Festival film bukan hanya sebuah perayaan, tetapi juga cara untuk mengubah sudut pandang terhadap film dan genre. Sejauh mana festival film dapat menantang dirinya sendiri dengan persilangan antara film dan batasan genre? DOC Talk kali ini akan menggali bagaimana pemrograman festival film berperan sebagai medium artistik dan tantangannya. Menjawab kegelisahan/pertanyaan tersebut, Festival Film Dokumenter 2024 mengadakan diskusi umum dalam kerangka DOC Talk berjudul What We Talk About?. Diskusi ini dilaksanakan pada 8 November 2024 di Ruang Rapat Taman Budaya Yogyakarta dan dihadiri oleh peserta dari berbagai kalangan dan demografi. Memimpin diskusi, telah hadir moderator Sandeep Ray dengan pembicara Sébastien Simon, seorang programmer festival di Busan International Short Film Festival dan Thong Kay Wee, seorang programmer festival di Singapore International Film Festival.
Membuka sesi DOC Talk kali, Sandeep Ray memberikan pertanyaan lelucon kepada pembicara dan penonton, “What do you want to be when you grow up? I have never listened to a single kid who wants to be a film programmer.” (Apa cita-citamu? Saya tak pernah mendengar menjadi programmer film adalah jawaban pertanyaan itu, ed.) Pertanyaan menggelitik itu disambut oleh tawa para pengunjung yang hadir. Kemudian Sandeep menyilakan Sébastien untuk memulai presentasinya yang berjudul ‘Film Festival Programming: A Form of “Macro-Editing”’. Sébastien memaparkan materinya dengan pendekatan dirinya sebagai seorang editor. Tumbuh menjadi seorang editor, Sébastien Simon menganalogikan bekerja sebagai programmer film layaknya seorang editor. Menurutnya, menjadi seorang editor artinya mampu meningkatkan kekuatan untuk memilih shot. Begitupun ketika menjadi seorang programmer film, Ia harus memilih film yang mampu mewakili artikulasi visual, menyampaikan sebuah kisah, serta mampu memberikan kejutan kepada penonton.

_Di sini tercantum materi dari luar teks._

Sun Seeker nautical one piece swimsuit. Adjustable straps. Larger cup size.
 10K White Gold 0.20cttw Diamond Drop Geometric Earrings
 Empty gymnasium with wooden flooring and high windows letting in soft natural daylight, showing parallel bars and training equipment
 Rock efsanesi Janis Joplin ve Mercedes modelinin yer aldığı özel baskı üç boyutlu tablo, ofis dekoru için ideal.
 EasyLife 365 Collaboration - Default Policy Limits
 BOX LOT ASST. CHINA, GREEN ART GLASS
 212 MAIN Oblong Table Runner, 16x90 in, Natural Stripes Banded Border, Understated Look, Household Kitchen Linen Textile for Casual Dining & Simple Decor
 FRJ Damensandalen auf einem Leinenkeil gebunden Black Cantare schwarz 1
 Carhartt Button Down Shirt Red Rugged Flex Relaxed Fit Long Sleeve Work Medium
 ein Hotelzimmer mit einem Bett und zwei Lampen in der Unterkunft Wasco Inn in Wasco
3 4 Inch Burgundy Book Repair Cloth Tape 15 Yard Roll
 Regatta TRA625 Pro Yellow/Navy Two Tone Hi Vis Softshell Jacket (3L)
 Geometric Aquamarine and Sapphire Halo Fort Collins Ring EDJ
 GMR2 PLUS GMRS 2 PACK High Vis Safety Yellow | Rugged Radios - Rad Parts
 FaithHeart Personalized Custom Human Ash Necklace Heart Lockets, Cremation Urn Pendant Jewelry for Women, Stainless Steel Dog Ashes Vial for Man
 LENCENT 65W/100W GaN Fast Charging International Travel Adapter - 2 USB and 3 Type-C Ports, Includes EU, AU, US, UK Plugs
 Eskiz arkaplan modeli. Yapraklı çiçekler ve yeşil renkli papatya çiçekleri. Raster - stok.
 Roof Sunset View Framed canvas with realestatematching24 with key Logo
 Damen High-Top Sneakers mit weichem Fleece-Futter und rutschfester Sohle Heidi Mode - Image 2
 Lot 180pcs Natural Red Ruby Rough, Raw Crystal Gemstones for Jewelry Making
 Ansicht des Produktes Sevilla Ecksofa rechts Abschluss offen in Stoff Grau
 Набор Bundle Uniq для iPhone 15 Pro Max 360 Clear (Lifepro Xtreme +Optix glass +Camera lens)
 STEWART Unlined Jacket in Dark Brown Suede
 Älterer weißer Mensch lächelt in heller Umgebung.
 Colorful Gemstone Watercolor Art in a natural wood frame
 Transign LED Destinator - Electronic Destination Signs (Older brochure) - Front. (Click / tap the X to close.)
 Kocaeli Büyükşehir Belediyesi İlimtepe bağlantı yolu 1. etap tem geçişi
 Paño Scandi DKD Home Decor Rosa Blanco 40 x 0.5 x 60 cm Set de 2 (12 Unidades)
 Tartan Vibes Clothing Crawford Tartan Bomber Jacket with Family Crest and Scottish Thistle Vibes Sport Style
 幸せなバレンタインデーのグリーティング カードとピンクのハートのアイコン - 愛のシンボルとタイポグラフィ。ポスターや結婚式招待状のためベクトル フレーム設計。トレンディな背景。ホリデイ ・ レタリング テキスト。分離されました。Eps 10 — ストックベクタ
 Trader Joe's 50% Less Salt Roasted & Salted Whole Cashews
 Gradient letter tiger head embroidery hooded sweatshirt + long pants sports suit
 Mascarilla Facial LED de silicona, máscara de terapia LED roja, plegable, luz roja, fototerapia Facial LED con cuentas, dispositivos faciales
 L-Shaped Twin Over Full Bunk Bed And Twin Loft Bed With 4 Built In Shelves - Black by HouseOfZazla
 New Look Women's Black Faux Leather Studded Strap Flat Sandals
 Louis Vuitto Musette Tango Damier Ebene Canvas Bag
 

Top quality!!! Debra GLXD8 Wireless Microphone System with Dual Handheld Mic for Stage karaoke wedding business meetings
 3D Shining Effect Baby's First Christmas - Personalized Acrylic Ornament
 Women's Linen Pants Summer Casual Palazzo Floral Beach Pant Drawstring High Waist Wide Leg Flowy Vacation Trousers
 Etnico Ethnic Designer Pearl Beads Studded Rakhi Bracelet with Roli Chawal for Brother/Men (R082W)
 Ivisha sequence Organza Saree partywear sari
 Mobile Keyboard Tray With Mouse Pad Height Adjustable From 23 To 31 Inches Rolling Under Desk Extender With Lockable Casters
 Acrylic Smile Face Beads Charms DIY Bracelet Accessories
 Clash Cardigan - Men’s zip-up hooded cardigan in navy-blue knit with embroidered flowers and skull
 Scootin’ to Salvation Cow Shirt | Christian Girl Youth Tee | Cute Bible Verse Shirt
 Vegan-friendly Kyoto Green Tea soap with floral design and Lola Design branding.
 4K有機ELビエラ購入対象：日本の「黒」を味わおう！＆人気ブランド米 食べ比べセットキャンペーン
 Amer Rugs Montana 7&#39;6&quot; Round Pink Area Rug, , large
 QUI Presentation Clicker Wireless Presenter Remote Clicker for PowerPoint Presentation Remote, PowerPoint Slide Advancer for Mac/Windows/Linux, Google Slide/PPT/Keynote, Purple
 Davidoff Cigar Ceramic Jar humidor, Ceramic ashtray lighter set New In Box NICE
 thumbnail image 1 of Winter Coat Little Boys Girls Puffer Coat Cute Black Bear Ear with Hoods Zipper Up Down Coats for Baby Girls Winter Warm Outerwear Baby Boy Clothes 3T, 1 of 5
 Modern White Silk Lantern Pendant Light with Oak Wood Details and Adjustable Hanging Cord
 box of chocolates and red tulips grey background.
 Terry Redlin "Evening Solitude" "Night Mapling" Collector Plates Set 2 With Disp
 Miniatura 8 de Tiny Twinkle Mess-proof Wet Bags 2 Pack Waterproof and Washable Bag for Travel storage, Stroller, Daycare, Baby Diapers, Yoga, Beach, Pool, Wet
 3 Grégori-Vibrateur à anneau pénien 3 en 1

Ketika memilih film ke dalam sebuah program, seorang programer harus bisa menyusun berbagai film untuk digabungkan ke dalam satu jalur yang utuh dan memiliki kekuatan yang cukup untuk mengajak penonton agar mampu merasakan emosi yang sama pada tiap-tiap film. Sébastien Simon juga bercerita bagaimana ia harus memilih hanya 90an film dari sekitar 4000an film yang terdaftar. Hal itu memerlukan kemampuan memilih dan menyeleksi yang baik. Ia juga harus mengelompokkan film-film yang telah terpilih ke dalam satu program yang dapat mengartikulasikan isu, visual, hingga emosi yang sama. Simon menegaskan sebagai seorang programmer bukan hanya harus memiliki kemampuan untuk menonton, tetapi juga memperhatikan seluruh aspek di dalam film. Dalam presentasinya, Simon juga menegaskan bahwa film dan festival film sama-sama memiliki kesamaan, yakni mereka sama-sama dibuat untuk penonton.
Sementara itu, Kay Wee berpendapat bahwa film-film yang dipilih dalam sebuah program film, artinya film tersebut merupakan film terbaik, baik dari segi visual maupun cerita di antara film-film terdaftar lainnya. Di dalam pengalamannya, Kay Wee harus mampu memilih dan memrogramasi berbagai jenis genre film, meliputi film fiksi dan dokumenter. Menurut Kay Wee, seorang programmer juga harus menyadari isu yang diangkat di dalam film, seperti adanya proyeksi budaya dan politik, bahkan seorang programmer film harus menyadari kemungkinan-kemungkinan film yang akan menjadi pilihan penonton.
Ketika Sandeep Ray bertanya, “Why do we have film festival?” (Mengapa kita punya festival film?) ed.), Sébastien Simon dan Thong Kay Wee sepakat bahwa festival film akan membuat sinema tetap hidup. Selain itu, mereka juga berpendapat bahwa dengan penyelenggaraan festival film, akan berkaitan dengan kebutuhan ekonomi hingga pengarsipan budaya. Melalui pandangan Sébastien Simon dan Thong Kay Wee, diskusi ini mengeksplorasi bagaimana kurasi film dapat menghubungkan tema-tema yang kompleks serta mempertimbangkan isu sosial, politik, dan budaya. Program film festival tidak hanya menjadi pilihan tontonan tetapi juga medium artistik yang merefleksikan dinamika sinema kontemporer dan kebutuhan audiens.